Pac Learning

Pac Learning

  • training error: the training example missclasfied by h (true hypothesis if got none)
  • penalized if for the mistake in case our hypothesis is not the true hypothesis, but if it is, penalized get none
  • true error is the error that missclassified by some hypothesis h. in this case the fault is in h. the best h, c, would get true error 0
  • training error is some error/noise that happen in examples. no matter what the hypothesis are, even the best one would get incorrect. the fault is in the examples.
  • the red one shows the probablity of error of some hypothesis, given that the probabilty of error if x from some distribution, in the case the hypothesis that we choose is not the correct hypothesis





  • We have error goal, the probability that we achieve true hypothesis.
  • and 1-delta, the probability that we are certain at least we get less than error.
  • So we may not definitely correct, approximately may hard, but probably is.
  • The C is PAC-learnable, if C has low error (high confidence) given set of parameters
  • We can do that, if we keep track of of version space(the set of remaining possible inputs that determines the hypothesis)
  • the version space must be e-exhausted iff all the hypothesis in the version space, its error below some threshold epsilon. If there's one hypothesis that's higher than epsilon, then it's still "epsilon-energized"
  • For the case of the example, find epsilon such that it will act as a threshold that filter all the e-energized.
  • The maximum will be 1, because the true hypothesis will not have true error(0), so filtering that definitely have done that.
  • The version space earlier left with x1,or,xor. OR and XOR almost be the same, except last one. But since the probabilty of fourth is zero, meaning that the fourth case will never shows up , then OR is definitely no error.
  • All that left is X1, since hypothesis X1 correctly guess first and third(prob equals 0.5) but wrong on second(0.5), that means X1 have the probability of missclasified which is 0.5.
  • Since this still high error, and we want to filter that, the smallest is the same as X1 error, directly filter X1 and all that left is OR and XOR
  • Haussler Theorem try to calculate the probability that we knock out all the hypothesis in the version space that have high true error. By high means the error is higher than epsilon threshold.
  • First count the probabilty of hypothesis that equals true hypothesis, definitely lower than threshold, given one example.
  • Next every m examples, the probabilty will be multiplied, over and over again, so that is (1-e)^m, given one particular hypothesis
  • at least one consistent of having low error given all hypothesis. so K(hypothesis)x(1-e)^m

  • To complete in more mathematical examples, we're trying to find how much m, such that, we knock out all the high true error, given our tracked version space, and the threshold error that we are set.
  • This slide takes last set of our probability, where we want to compute all hypothesis, at least one, consistent of our true hypothesis given n, below some threshold epsilon.
  • So k(1-e)^m is, another definition, accumulate all hypothesis that have low error, given some threshold error, over m examples.
  • The natural log (logn) is monotonic function, when decreasing, it will never increase. Can be static, but always decreasing.
  • in magenta color, multiplied both side by e^(both side)*m  to be on the left side.
  • Then put the result into set of hypothesis. left bottom will get to the right bottom if we separate all leaving just m, giving how much m would need to produce all hypothesis that below some very low error, with threshold(epsilon).
  • The delta is just taking some certainty that the error higher than epsilon, otherwise all fails. All of the hypothesis in the version space doesn't matter.
  • overall, we can say, how much samples that i would need to achieve the probabilty in which i'm very certain(delta) that at least one hypothesis of all my hypothesis in version space, bellow some error rate(epsilon)

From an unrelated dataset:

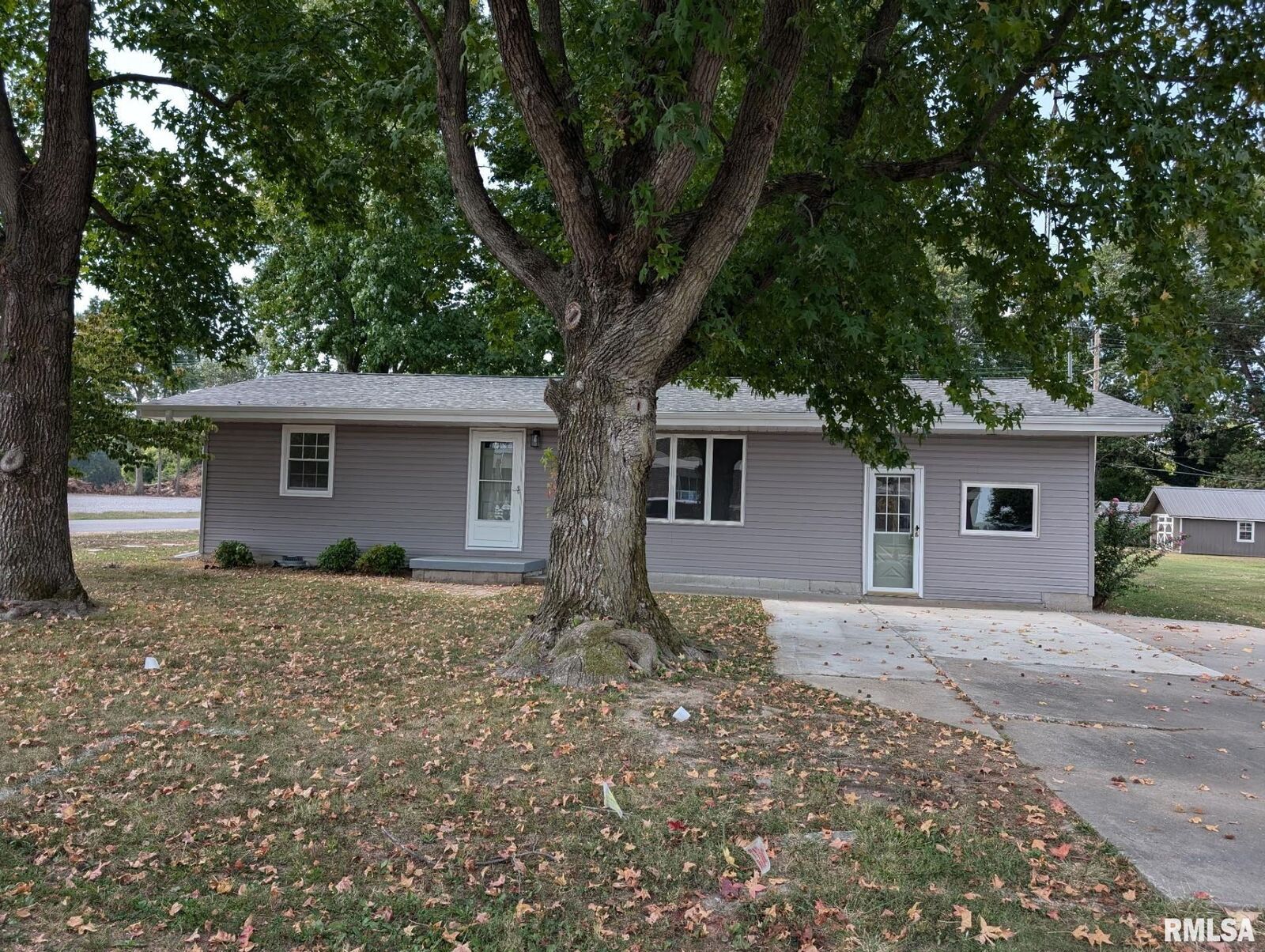 Property Photo: 515 S 6th Street IL 62932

  • The input is 10 bits, 10 inputs, not 2^10 samples. Because all hypothesis directly handle the input.
  • The distribution itself doesn't take into account. It can proceed all kind of distribution.
  • So this is the sample which we are getting. Putting this and there we're getting at least 40 examples that all set of hypothesis, in the version space, have error rate of 10%.
  • If for example we're having 1% error rate, than that would means we're gonna need 400 examples.